The meta point here is to improve the performance/throughput so we can stretch the single cluster bit more than what it can do today.

serathius commented 5 months ago

Thanks for looking into it. The cluster set up is unique which does not segregate events from the main etcd cluster. So the existing upstream GCE and AWS 5k nodes scale tests are passing now consistently. I believe once the flag --etcd-servers-overrides is removed, test should start to fail intermittently.

I expect this is an issue of events not using watch cache, however I don't see a reason to invest into an area that K8s has a official mitigation. If you want to remove --etcd-servers-overrides, please start form discussion in K8s.

chaochn47 commented 5 months ago

If you want to remove --etcd-servers-overrides, please start form discussion in K8s.

Just to clarify, remove --etcd-servers-overrides is not the intention.

We are trying to figure out the root cause how etcd handling mutating requests becomes slower than 1s with high write qps/throughput. It just happened on events and it could also happen on other resources / key prefixes.

serathius commented 5 months ago

Right, the reason is simple, the event resource has watch cache disabled, meaning it is still vulnerable to https://github.com/kubernetes/kubernetes/issues/123448. If your are not sharding K8s events out, they pollute your other resources.

chaochn47 commented 5 months ago

Right, the reason is simple, the event resource has watch cache disabled, meaning it is still vulnerable to https://github.com/kubernetes/kubernetes/issues/123448. If your are not sharding K8s events out, they pollute your other resources.

Enabling watch cache only protects from N direct etcd watches polluting other resources. Problem identified in this investigation is there is only 1 direct etcd watch on events and with enough write events throughput, it pollute other resources.
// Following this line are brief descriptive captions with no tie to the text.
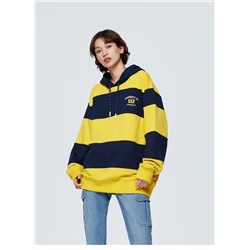 Толстовка в полоску Ga*p 🩶  Оригинал.  Официальный магазин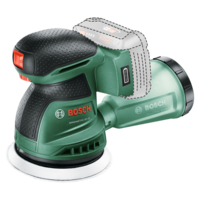 Bosch UniversalOrbit 18V-20 akku és töltő nélkül akkumulátoros excentercsiszoló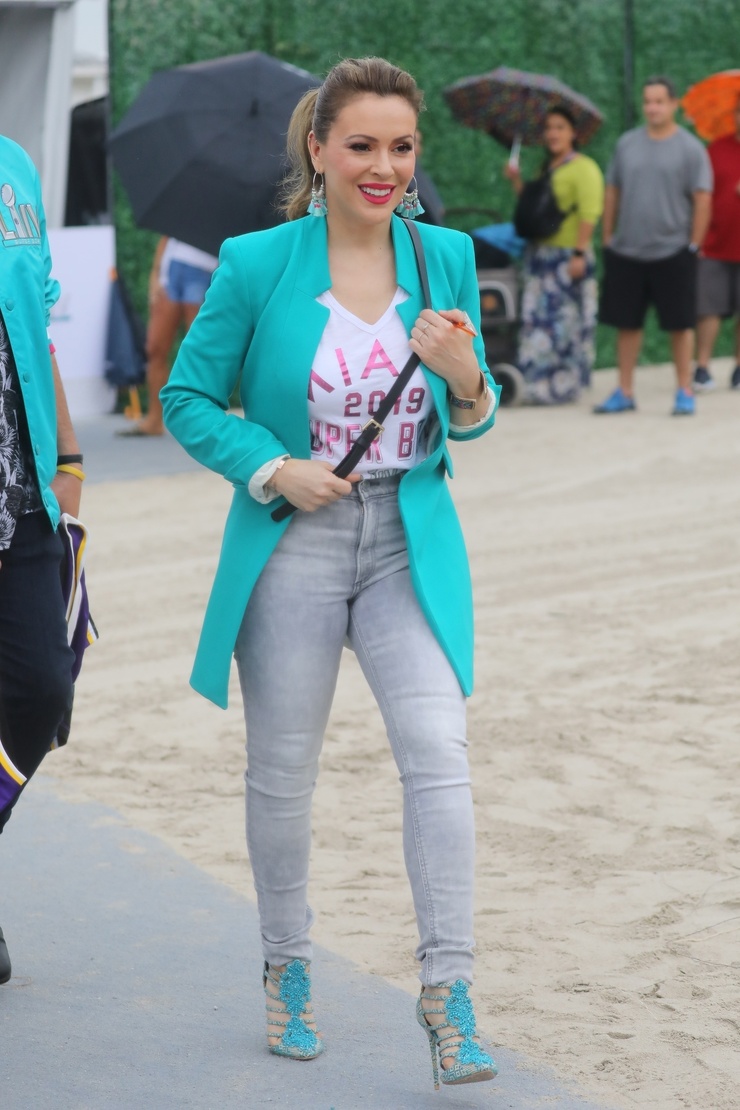 Alyssa Milano Alyssa Milano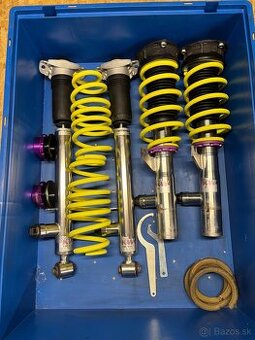 Skoda vw KW nastavytelny adaptivny podvozok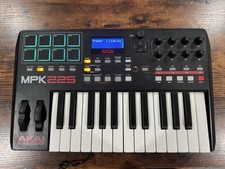 Akai professional mpk225 for sale  Antioch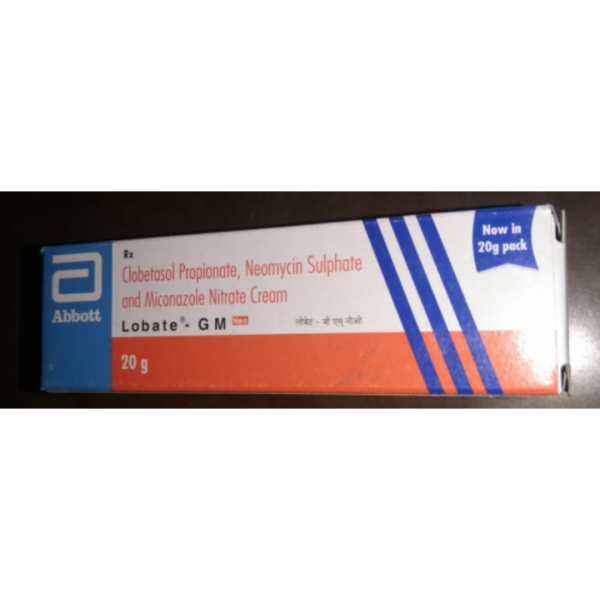 Lobate-GM Neo Cream - Abbott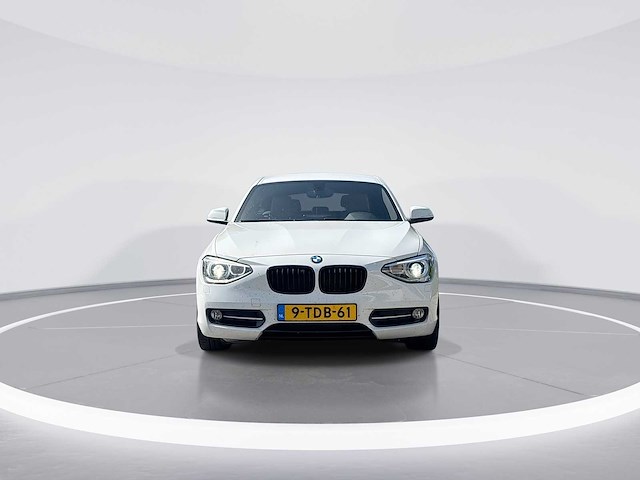 Bmw 1-serie 116d ede high executive 2014 | 9-tdb-61 - afbeelding 14 van  15
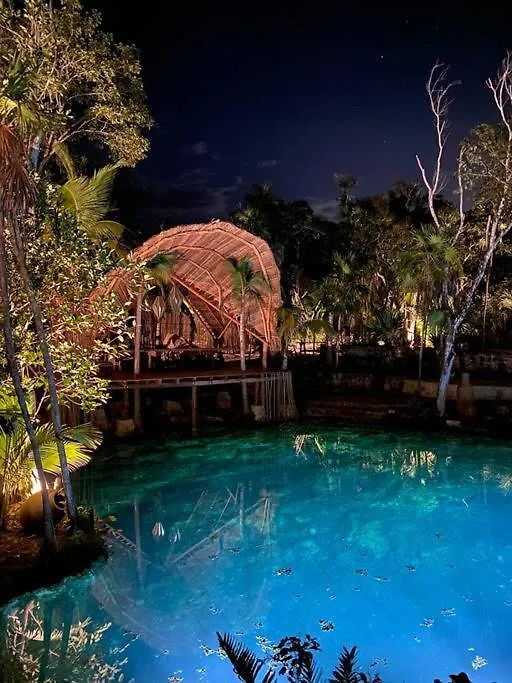 Holiday home Casa Changuito Jungle-Based Villa In Tulum Mexico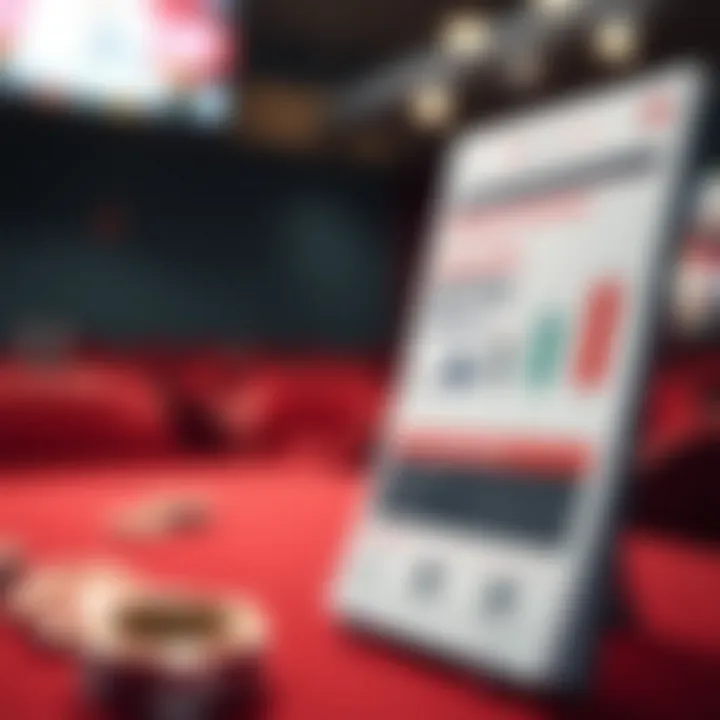 Infographic on responsible betting practices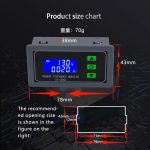 XY-CD63 New 30A Battery Fully Charged Full Power Shutdown DC Under Voltage Power Loss Voltage - Image 3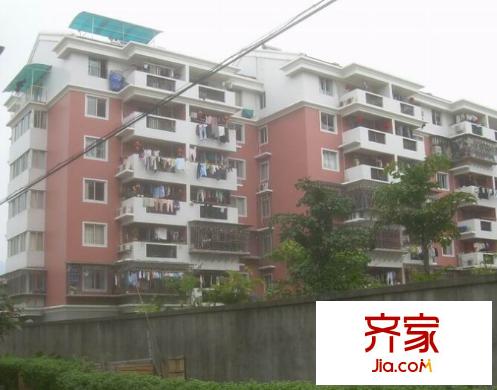 古城花苑外景圖 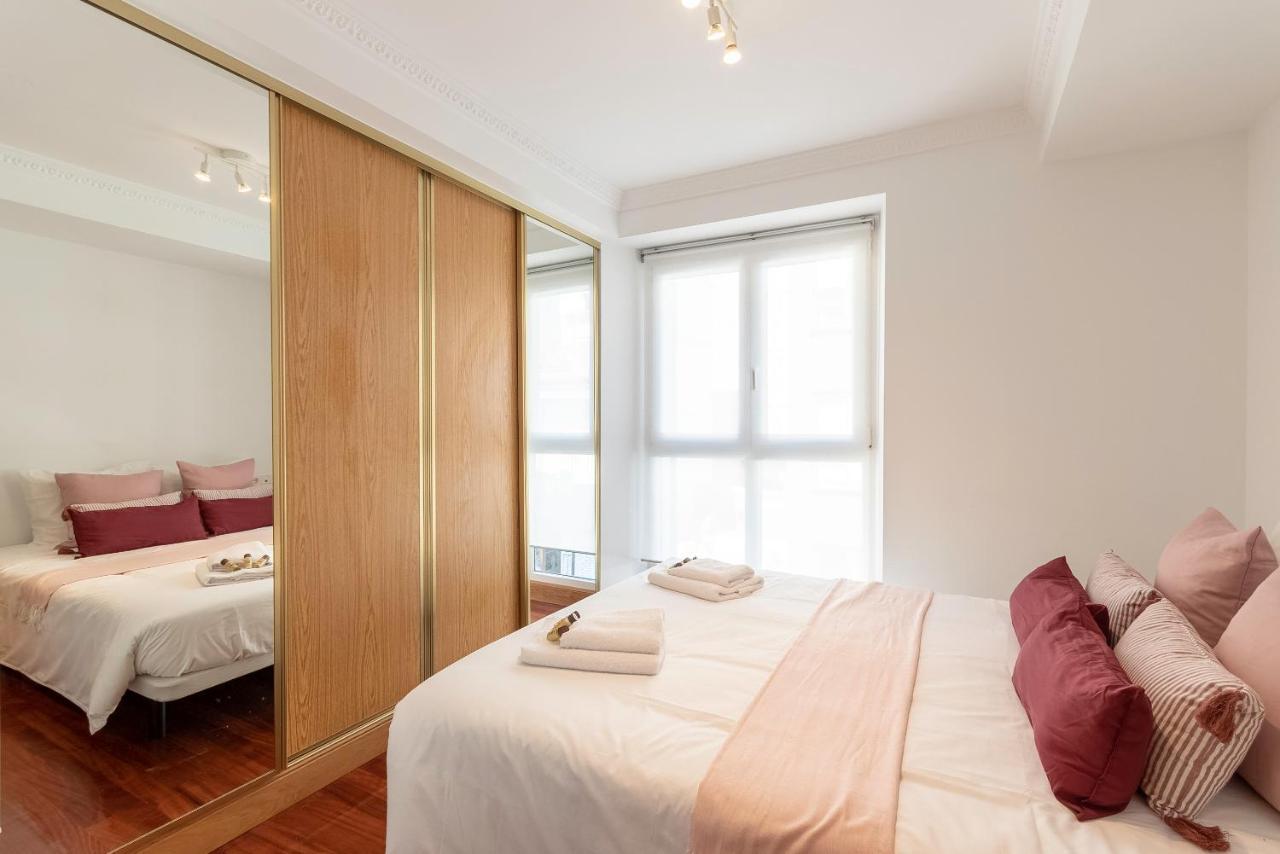 Plazuela Sta Catalina I En Mundaka Con Parking By Kabia Gestion Apartment Exterior photo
Hence the following statement was raised.

It just happened on events and it could also happen on other resources / key prefixes.

I think the debate could be closed with a reproduce because it's easier for us to understand our arguments.

chaochn47 commented 5 months ago

@serathius could you please take a look at the reproduce https://github.com/etcd-io/etcd/pull/18121 since the work is based on your watch latency perf benchmark tool?

Edit: This is not a proper reproduce of the issue we have seen in the clusterloader2 test.

Thanks!!

/cc @hakuna-matatah @mengqiy

serathius commented 5 months ago

I don't think there is anything surprising about slow watchers impacting PUT, etcd notifies synchronized watchers as part of committing transaction in apply loop. I don't we change it anytime soon as it's an assumption very ingrained in the code.